▶ _Study material_
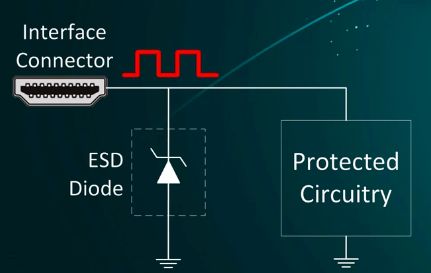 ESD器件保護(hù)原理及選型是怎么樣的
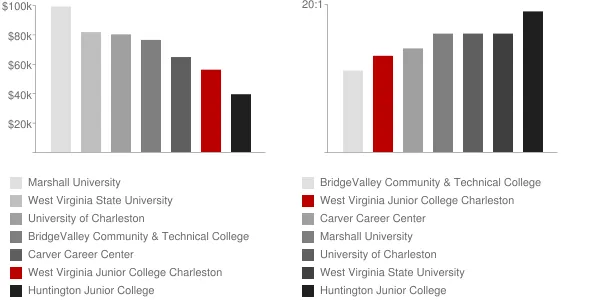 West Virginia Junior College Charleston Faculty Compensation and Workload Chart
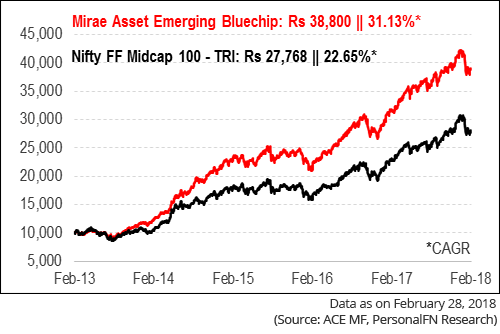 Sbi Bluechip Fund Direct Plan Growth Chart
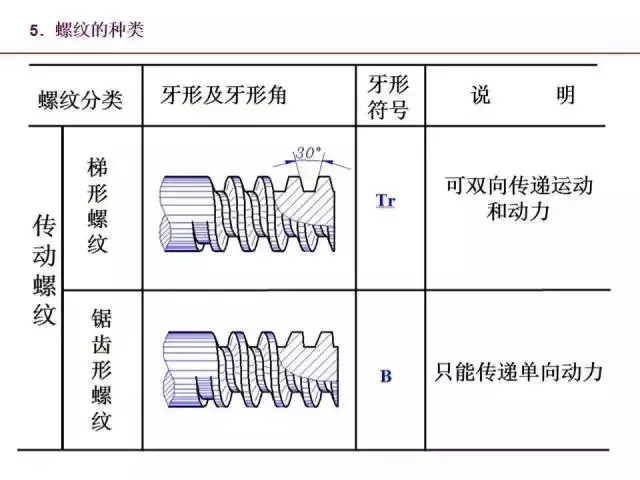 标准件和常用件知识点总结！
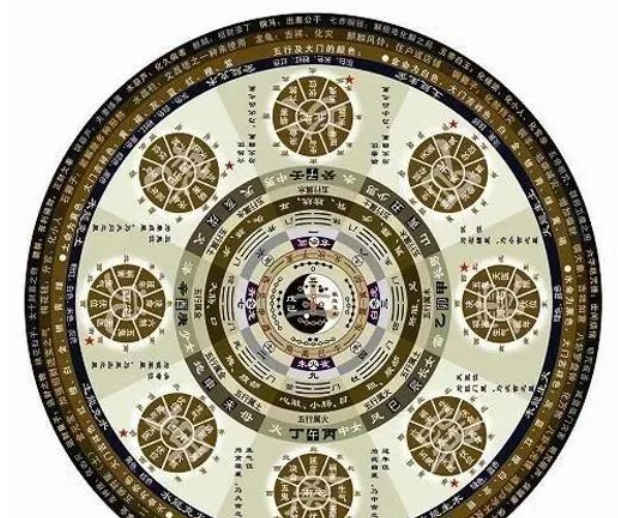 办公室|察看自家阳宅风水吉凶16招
...
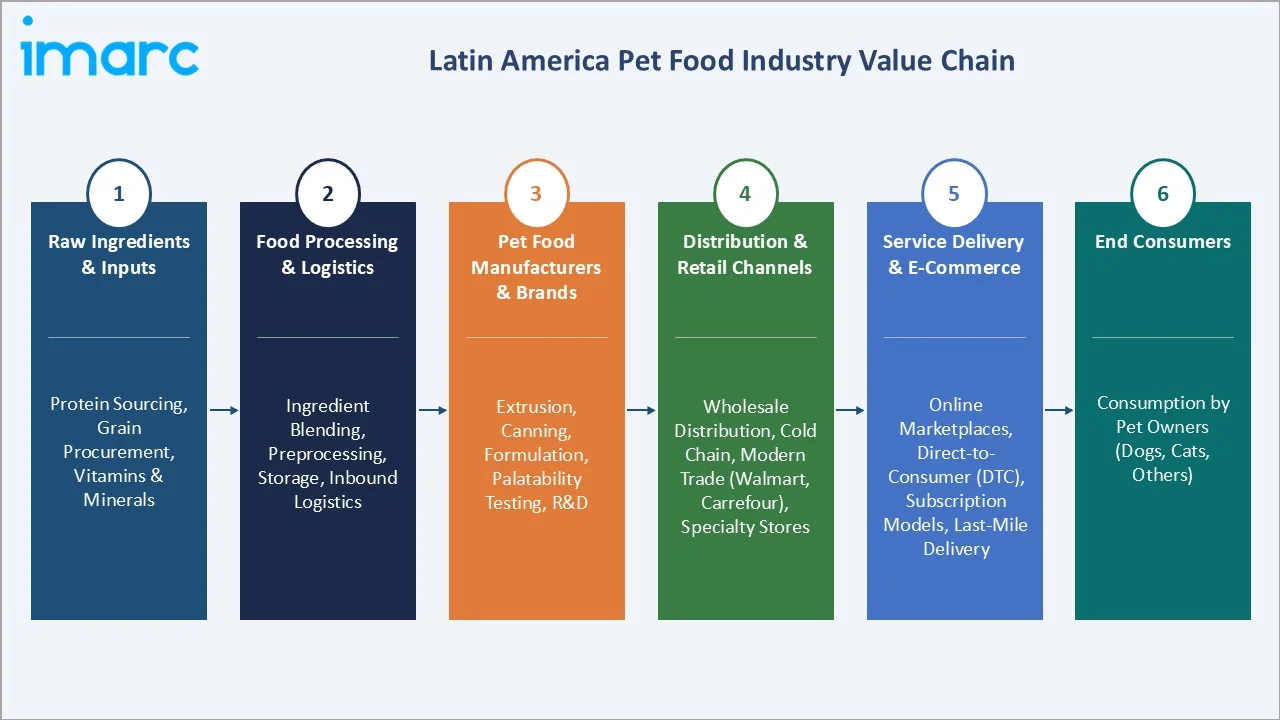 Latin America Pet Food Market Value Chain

▶ _What is needed_
Transcribe exactly the lines above, beginning at the one with "ESD器件保護(hù)原理及選型是怎么樣的" and going up to and including the one with "办公室|察看自家阳宅风水吉凶16招". Pictures do not belong in the copy.

▶ _Result of this task_
 ESD器件保護(hù)原理及選型是怎么樣的
 West Virginia Junior College Charleston Faculty Compensation and Workload Chart
 Sbi Bluechip Fund Direct Plan Growth Chart
 标准件和常用件知识点总结！
 办公室|察看自家阳宅风水吉凶16招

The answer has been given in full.